··· RAW DATA ···

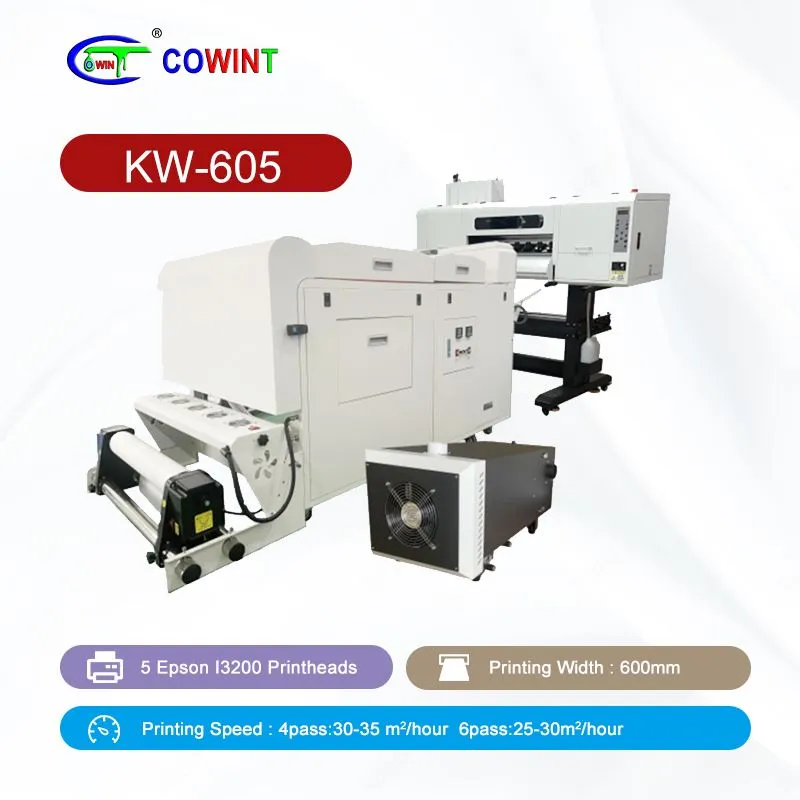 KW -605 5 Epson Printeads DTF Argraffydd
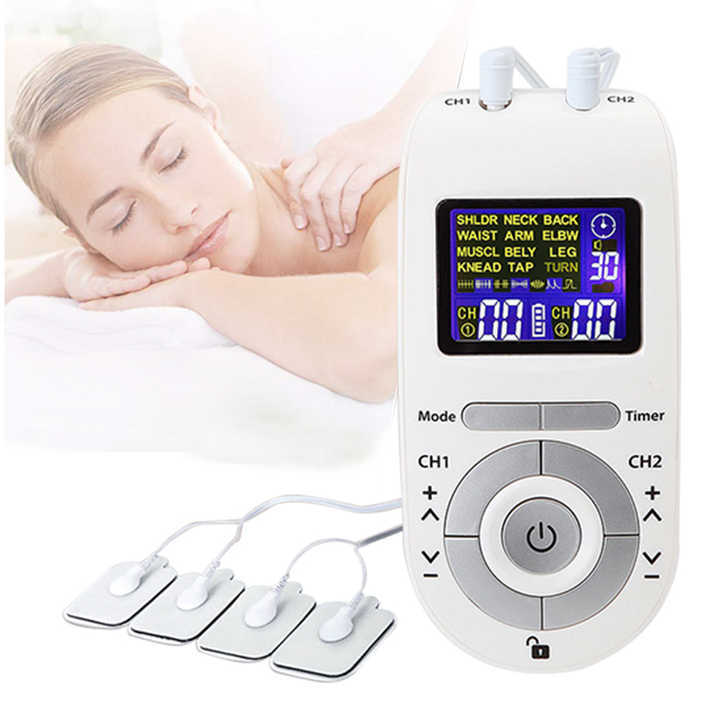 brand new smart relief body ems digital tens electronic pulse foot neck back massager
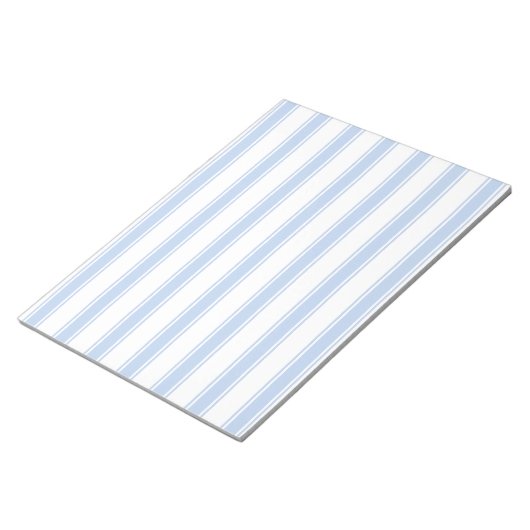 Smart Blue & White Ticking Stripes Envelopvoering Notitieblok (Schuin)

···

TASK.
The lines above must be transcribed exactly, with every picture left out.

ANSWER BOX.
 KW -605 5 Epson Printeads DTF Argraffydd
 brand new smart relief body ems digital tens electronic pulse foot neck back massager
 Smart Blue & White Ticking Stripes Envelopvoering Notitieblok (Schuin)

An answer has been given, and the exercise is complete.